:: Work item ::
For the string "from", find every matching line in the records and copy it.

━━━━━━━━━━━━━━━━━━━━

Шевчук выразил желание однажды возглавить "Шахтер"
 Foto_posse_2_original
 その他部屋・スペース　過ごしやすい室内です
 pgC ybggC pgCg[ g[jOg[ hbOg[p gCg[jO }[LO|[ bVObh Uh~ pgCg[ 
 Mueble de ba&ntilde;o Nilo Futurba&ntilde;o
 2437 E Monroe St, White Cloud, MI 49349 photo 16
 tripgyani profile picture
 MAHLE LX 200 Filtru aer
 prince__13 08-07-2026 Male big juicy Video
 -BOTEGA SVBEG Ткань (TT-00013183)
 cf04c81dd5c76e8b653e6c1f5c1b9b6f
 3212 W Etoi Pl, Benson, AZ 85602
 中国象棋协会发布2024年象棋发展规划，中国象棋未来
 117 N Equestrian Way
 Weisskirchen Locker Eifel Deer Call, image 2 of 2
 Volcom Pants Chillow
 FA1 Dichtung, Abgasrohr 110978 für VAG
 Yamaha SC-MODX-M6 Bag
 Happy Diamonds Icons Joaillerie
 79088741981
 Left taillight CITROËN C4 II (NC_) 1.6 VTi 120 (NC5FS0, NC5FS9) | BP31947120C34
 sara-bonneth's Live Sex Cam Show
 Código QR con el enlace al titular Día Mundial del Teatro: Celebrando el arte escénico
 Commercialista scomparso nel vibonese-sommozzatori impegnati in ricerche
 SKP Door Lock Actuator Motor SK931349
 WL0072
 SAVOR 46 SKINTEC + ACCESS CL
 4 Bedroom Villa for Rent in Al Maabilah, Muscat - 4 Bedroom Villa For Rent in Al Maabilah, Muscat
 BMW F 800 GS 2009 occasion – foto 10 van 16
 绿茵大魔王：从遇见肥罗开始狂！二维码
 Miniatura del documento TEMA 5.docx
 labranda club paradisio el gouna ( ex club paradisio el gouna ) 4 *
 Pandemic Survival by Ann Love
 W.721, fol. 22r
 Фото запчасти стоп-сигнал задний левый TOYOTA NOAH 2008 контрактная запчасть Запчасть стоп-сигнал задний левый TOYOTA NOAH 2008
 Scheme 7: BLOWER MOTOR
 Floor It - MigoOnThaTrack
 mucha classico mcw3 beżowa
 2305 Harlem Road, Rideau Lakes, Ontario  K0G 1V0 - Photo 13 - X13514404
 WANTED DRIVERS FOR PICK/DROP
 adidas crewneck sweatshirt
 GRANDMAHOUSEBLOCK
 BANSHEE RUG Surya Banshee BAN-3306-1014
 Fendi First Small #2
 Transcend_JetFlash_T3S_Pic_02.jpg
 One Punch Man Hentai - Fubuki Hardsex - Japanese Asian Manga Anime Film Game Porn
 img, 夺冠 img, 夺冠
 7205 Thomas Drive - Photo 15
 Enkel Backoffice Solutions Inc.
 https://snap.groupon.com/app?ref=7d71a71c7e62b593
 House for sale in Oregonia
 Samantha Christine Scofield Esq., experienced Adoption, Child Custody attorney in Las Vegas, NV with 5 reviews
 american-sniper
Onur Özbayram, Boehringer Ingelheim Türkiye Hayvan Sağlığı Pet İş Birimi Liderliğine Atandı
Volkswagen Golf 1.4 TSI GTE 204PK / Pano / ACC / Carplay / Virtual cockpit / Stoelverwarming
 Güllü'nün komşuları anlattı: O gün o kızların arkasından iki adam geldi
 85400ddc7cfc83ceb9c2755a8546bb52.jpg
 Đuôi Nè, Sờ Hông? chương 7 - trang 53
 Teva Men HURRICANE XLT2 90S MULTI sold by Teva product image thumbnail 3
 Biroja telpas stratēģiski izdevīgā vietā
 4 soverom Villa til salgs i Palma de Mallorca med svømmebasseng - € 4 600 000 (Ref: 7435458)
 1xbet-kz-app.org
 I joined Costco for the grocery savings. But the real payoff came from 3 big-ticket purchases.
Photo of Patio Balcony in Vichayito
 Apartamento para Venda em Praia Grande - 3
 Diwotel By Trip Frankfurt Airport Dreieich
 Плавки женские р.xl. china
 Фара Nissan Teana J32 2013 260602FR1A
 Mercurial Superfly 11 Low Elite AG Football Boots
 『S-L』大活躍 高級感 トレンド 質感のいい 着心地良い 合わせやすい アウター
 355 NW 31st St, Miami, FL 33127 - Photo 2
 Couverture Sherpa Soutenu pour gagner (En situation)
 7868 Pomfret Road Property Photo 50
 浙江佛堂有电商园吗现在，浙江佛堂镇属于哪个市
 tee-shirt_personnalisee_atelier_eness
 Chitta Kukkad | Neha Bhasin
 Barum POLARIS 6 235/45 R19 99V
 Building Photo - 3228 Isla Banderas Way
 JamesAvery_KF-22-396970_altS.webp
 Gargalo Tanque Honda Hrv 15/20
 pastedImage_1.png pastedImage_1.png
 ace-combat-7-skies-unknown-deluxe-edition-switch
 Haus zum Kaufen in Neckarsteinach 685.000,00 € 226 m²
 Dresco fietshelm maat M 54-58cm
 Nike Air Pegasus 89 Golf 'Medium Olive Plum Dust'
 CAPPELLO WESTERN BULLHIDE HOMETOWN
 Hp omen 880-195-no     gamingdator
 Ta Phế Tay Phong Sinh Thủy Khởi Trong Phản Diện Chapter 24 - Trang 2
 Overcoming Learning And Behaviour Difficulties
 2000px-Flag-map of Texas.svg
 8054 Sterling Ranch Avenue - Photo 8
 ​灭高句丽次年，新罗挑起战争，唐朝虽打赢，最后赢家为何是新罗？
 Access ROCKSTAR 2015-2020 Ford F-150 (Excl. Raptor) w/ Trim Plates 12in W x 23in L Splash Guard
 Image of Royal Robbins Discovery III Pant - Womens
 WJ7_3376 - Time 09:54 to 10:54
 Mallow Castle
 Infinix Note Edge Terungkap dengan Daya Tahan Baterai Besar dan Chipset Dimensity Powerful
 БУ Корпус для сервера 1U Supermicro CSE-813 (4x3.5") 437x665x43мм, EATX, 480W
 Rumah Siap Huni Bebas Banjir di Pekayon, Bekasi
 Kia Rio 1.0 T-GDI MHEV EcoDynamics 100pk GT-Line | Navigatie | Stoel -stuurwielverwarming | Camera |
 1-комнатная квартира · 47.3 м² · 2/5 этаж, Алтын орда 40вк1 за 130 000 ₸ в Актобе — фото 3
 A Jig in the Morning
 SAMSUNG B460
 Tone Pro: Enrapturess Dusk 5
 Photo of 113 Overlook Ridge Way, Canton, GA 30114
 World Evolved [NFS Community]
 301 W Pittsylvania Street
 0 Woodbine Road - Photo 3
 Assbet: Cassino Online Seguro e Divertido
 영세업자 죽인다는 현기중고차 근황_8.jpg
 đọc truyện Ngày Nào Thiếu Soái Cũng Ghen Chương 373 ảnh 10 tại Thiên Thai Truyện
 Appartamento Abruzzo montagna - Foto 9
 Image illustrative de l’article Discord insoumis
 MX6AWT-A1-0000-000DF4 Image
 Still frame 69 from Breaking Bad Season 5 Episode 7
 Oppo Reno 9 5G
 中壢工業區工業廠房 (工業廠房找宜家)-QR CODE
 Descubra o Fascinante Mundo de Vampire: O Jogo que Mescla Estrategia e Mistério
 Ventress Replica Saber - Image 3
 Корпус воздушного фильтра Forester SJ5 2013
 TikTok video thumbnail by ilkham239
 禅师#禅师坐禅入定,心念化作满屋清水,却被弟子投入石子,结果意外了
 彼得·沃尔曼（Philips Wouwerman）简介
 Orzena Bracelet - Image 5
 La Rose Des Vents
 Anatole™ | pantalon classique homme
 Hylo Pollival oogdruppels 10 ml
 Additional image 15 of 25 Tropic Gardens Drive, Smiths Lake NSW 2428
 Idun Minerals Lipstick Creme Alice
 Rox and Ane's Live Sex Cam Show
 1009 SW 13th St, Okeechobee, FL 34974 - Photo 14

━━━━━━━━━━━━━━━━━━━━

:: Answer for this exercise ::
 I joined Costco for the grocery savings. But the real payoff came from 3 big-ticket purchases.
 Still frame 69 from Breaking Bad Season 5 Episode 7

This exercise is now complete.